News Brief: CBS's Rose Accused Of Harassment, AT&T's Merger In Question

News Brief: CBS's Rose Accused Of Harassment, AT&T's Merger In Question

  • Download
  • <iframe src="https://www.npr.org/player/embed/565599308/565599309" width="100%" height="290" frameborder="0" scrolling="no" title="NPR embedded audio player">
  • Transcript

CBS suspended Charlie Rose after several women told The Washington Post of sexual harassment by the TV host. And, the Justice Department filed a lawsuit to block the merger of AT&T and Time Warner.

RACHEL MARTIN, HOST:

Another big name in the media industry is going off the air for the time being.

(SOUNDBITE OF TV SHOW, "CHARLIE ROSE")

UNIDENTIFIED MAN: From our studios in New York City, this is Charlie Rose.

MARTIN: Charlie Rose, host of the PBS show that bears his name and one of the most influential TV interviewers in this country, apologized yesterday for what he called inappropriate behavior.

STEVE INSKEEP, HOST:

The Washington Post published accounts of eight women who accused him of sexual harassment. Some are anonymous in the story. Others gave their names. Some women wanted to work for Charlie Rose while other women did have jobs with his production company and said they were harassed when he told them to work from one of his homes. PBS is halting distribution of his program. He's also suspended from CBS, where he anchors "CBS This Morning." Several media organizations, including NPR News, have now suspended various leaders for a variety of acts against women.

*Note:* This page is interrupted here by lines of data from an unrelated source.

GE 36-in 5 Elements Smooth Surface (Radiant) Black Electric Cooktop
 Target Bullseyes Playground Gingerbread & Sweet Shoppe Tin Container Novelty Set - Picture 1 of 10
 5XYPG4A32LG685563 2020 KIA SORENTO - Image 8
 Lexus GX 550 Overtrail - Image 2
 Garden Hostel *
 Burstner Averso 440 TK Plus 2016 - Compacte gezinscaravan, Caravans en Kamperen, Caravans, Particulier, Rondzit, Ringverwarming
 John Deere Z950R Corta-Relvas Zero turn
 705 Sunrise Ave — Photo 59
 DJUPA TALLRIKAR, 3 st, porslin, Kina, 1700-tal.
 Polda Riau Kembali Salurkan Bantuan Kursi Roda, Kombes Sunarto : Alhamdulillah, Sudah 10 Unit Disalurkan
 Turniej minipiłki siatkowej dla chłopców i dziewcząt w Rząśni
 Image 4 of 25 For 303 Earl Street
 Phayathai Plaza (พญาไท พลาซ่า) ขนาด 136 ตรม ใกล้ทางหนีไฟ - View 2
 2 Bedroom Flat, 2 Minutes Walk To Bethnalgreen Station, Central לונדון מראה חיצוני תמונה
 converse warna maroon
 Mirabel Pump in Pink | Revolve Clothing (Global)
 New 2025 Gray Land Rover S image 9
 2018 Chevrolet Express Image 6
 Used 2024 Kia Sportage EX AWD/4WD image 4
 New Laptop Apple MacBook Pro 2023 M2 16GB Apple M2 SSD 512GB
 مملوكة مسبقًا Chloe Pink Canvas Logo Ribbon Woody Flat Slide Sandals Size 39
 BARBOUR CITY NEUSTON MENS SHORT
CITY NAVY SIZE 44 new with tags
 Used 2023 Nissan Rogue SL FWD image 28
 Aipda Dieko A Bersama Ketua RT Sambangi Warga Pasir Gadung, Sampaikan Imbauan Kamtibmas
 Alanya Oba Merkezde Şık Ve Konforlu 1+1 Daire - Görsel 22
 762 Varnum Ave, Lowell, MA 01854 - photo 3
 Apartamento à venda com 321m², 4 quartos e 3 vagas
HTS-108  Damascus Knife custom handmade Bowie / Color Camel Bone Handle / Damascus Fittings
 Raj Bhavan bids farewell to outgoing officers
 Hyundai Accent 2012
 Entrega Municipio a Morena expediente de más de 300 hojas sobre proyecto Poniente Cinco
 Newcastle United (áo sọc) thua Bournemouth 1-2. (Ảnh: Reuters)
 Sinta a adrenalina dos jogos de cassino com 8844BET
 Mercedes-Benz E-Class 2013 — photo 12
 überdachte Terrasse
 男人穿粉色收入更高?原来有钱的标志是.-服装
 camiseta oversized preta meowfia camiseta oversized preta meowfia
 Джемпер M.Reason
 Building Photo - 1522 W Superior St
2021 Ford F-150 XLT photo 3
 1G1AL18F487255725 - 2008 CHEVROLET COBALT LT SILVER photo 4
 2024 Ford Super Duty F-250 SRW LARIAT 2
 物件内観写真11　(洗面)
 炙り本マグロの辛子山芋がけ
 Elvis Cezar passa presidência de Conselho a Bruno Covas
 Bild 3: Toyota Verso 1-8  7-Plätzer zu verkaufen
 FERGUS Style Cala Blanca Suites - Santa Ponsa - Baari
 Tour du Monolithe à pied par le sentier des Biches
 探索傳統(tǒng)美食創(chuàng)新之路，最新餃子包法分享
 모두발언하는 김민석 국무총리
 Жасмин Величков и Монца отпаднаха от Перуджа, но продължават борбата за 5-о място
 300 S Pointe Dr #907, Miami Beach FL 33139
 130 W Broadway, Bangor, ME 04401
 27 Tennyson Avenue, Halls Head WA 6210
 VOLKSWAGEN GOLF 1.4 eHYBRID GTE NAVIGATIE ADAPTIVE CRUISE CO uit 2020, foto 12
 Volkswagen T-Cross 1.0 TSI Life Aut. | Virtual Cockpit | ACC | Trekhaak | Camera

MARTIN: We are joined now by Irin Carmon. She's one of The Washington Post reporters who broke this story about Charlie Rose. And before we go into any details, we just want to say to our listeners that this conversation is likely to contain content that some of you might find disturbing.

So Irin, can you just start off by laying out some of the most damning allegations against Charlie Rose?

IRIN CARMON: Good morning. We spoke to eight women who had allegations of sexual harassment and in two cases what could constitute sexual assault against Charlie Rose. We also spoke to dozens of people who worked on the show, a few of which who said they didn't see harassment but many of whom described an environment that made them uncomfortable, particularly with regard to how Mr. Rose treated women - unsolicited shoulder rubs that they called the crusty paw. These women described behaviors that range from hand on the upper thigh to - one of which was in the context of a job interview - to walking around naked, to forced touching of their private areas.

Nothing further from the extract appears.